* Your instructions
What you should give back is a precise copy of the lines below from the one containing "Huawei P8 Lite Negro" through the one containing "COR-TEN® – the climate smart steel", with no pictures.

* Exercise material
##########

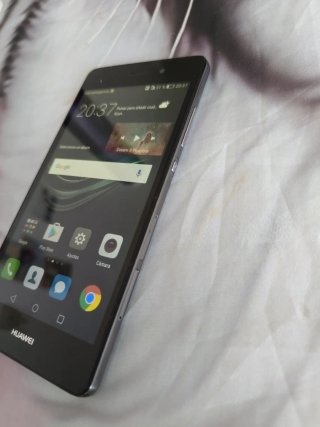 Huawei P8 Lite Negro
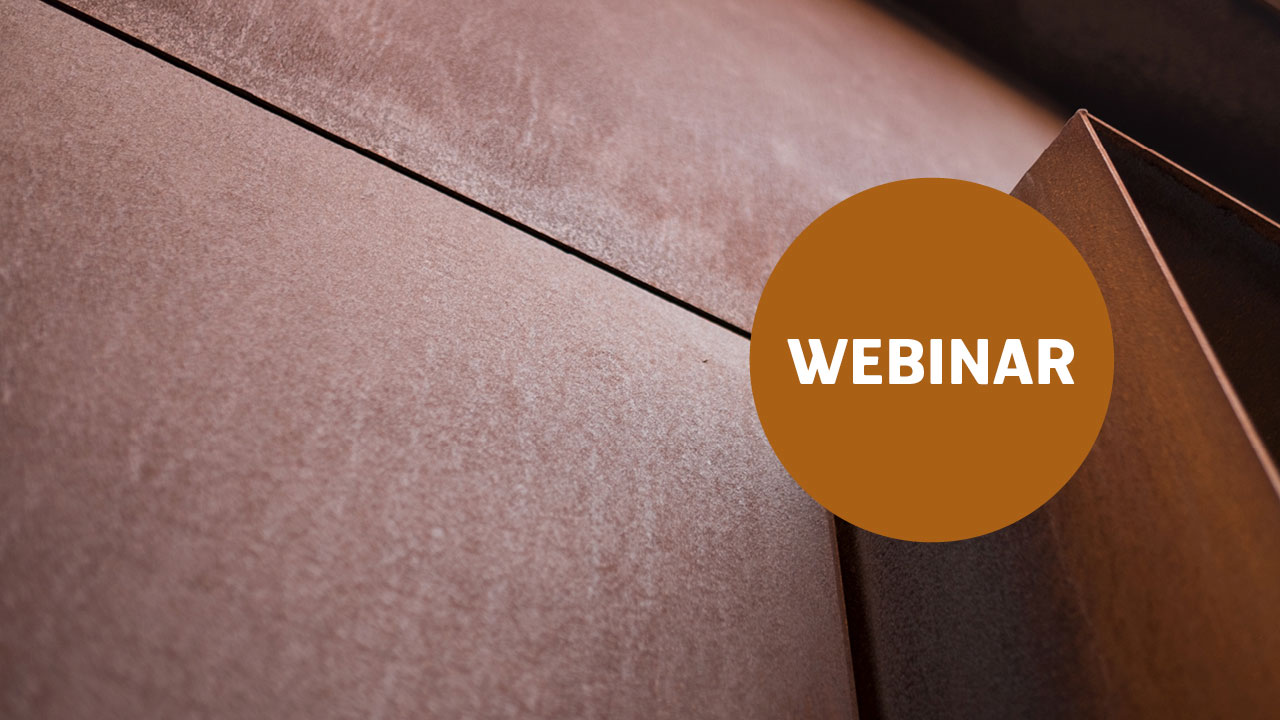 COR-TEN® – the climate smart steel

##########

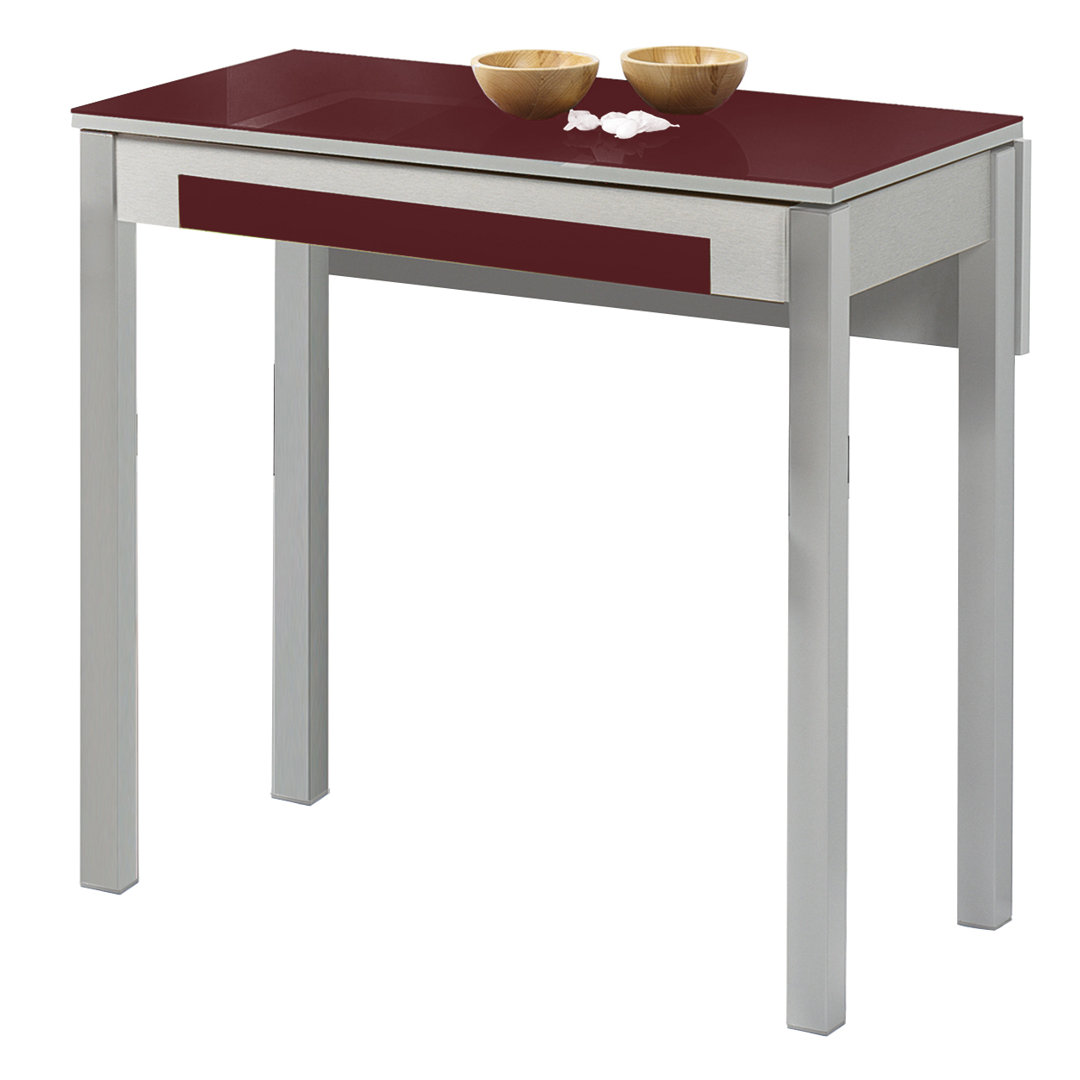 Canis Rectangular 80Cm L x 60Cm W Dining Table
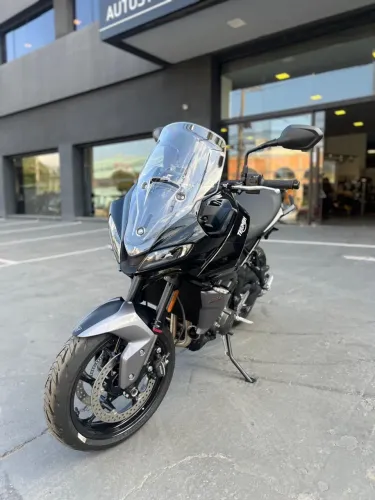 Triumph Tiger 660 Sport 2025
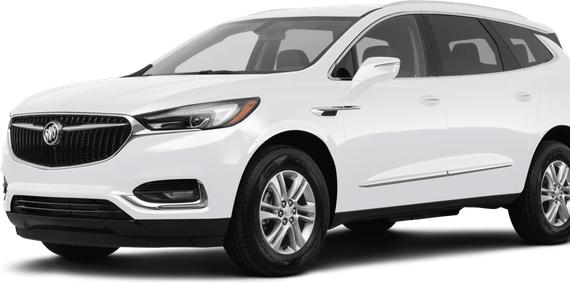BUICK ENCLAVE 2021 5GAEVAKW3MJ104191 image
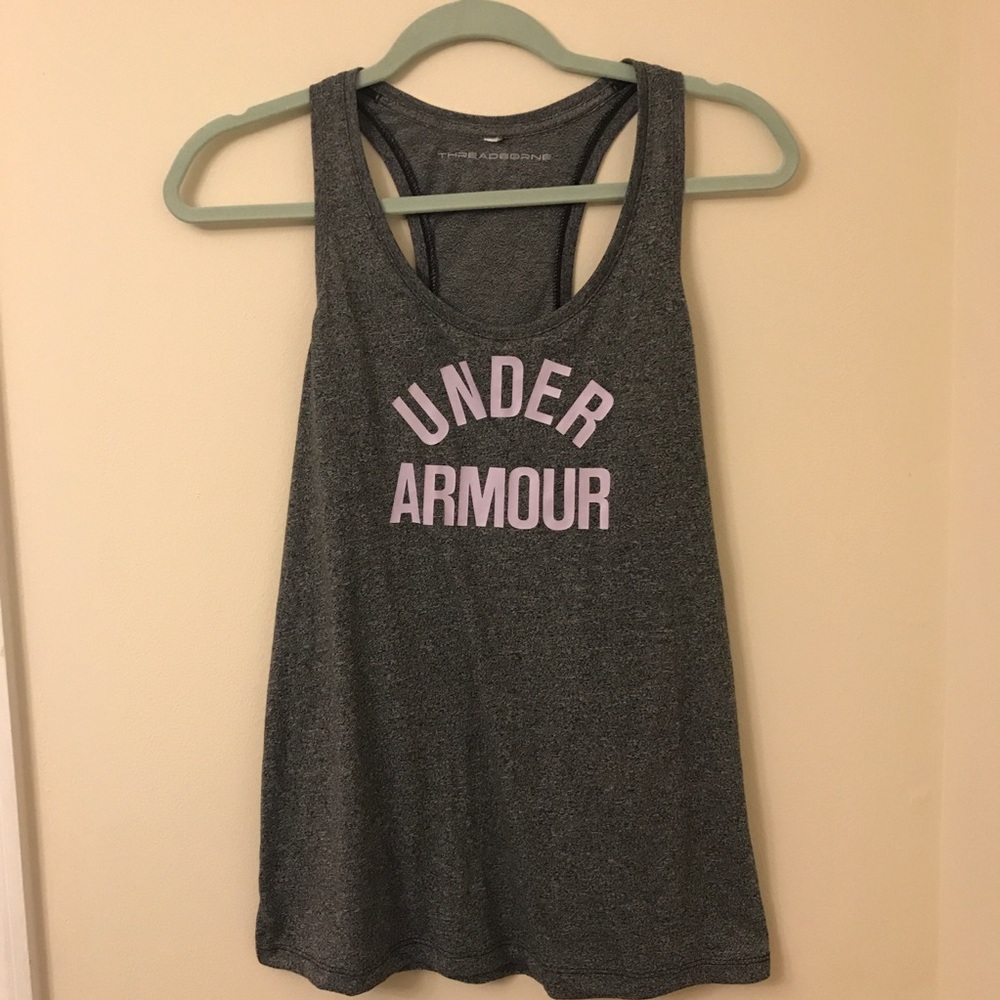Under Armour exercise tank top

##########

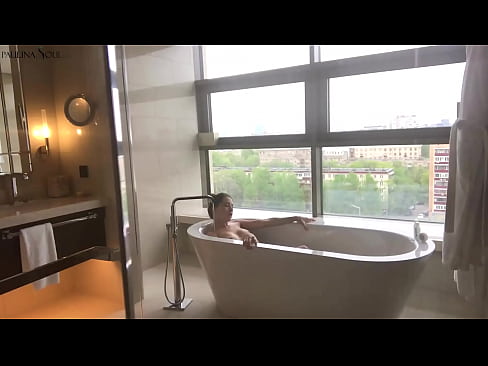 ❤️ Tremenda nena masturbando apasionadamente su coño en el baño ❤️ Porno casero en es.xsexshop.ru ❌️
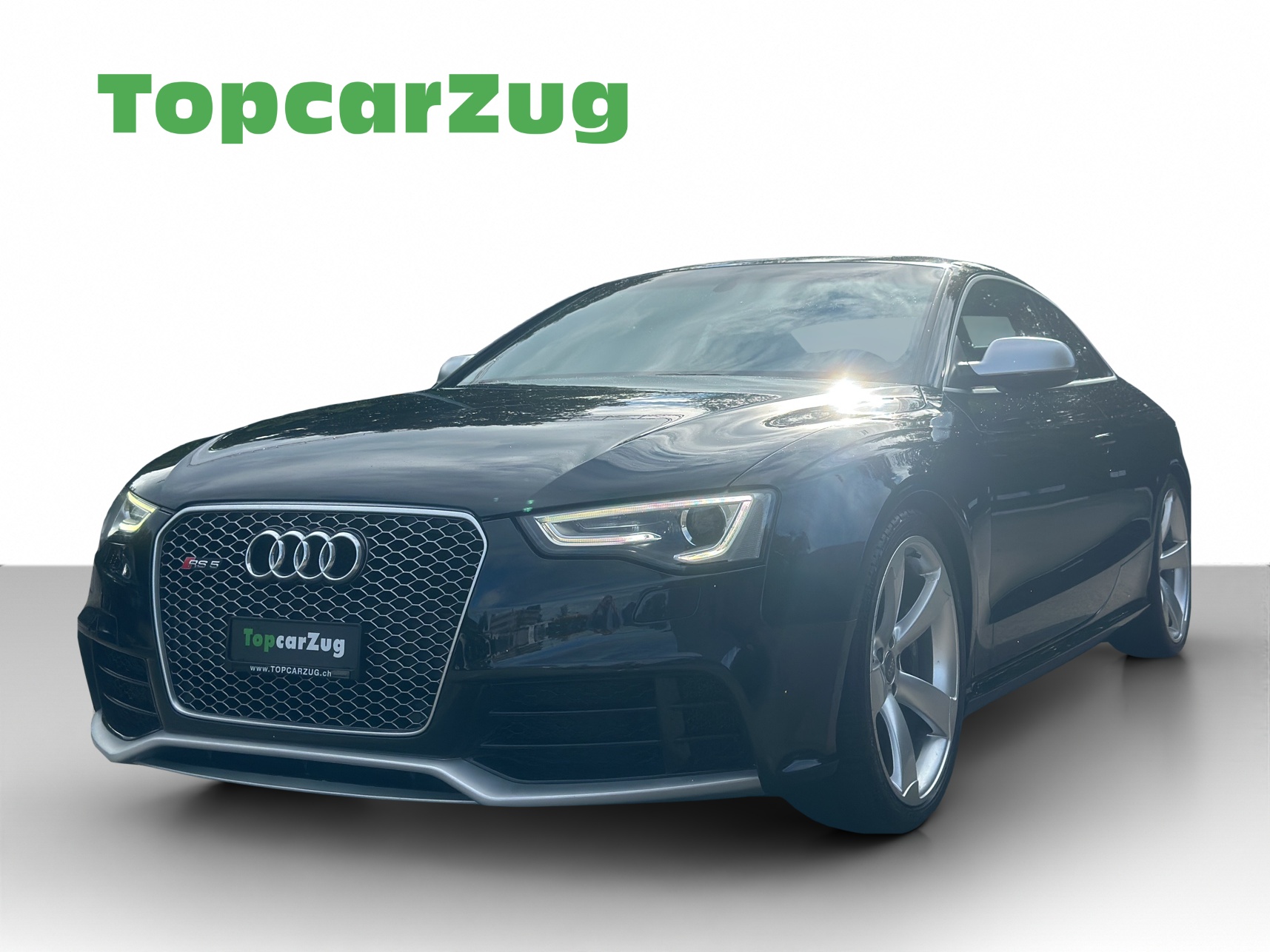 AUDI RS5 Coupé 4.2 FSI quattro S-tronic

##########

* Written response
 Huawei P8 Lite Negro
 COR-TEN® – the climate smart steel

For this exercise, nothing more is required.